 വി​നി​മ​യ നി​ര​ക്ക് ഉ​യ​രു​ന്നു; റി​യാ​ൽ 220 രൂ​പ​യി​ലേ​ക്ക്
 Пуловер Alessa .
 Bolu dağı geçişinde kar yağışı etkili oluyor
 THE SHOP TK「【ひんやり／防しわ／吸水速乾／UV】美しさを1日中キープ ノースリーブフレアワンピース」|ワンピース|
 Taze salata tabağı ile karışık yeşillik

_____

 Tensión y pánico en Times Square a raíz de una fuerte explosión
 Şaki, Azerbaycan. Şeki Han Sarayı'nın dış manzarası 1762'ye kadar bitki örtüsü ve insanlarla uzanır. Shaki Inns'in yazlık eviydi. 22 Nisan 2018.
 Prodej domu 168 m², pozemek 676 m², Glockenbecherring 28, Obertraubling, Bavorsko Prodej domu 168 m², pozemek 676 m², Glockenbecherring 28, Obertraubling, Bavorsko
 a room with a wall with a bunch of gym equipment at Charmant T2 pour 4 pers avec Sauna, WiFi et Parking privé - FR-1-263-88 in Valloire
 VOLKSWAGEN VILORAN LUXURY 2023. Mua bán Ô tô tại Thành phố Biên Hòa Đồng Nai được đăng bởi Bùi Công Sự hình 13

_____

[Activity] Only the lines above from the one with "വി​നി​മ​യ നി​ര​ക്ക് ഉ​യ​രു​ന്നു;" through the one with "Taze salata tabağı ile karışık yeşillik" should be duplicated, character for character.

[Exercise answer]
 വി​നി​മ​യ നി​ര​ക്ക് ഉ​യ​രു​ന്നു; റി​യാ​ൽ 220 രൂ​പ​യി​ലേ​ക്ക്
 Пуловер Alessa .
 Bolu dağı geçişinde kar yağışı etkili oluyor
 THE SHOP TK「【ひんやり／防しわ／吸水速乾／UV】美しさを1日中キープ ノースリーブフレアワンピース」|ワンピース|
 Taze salata tabağı ile karışık yeşillik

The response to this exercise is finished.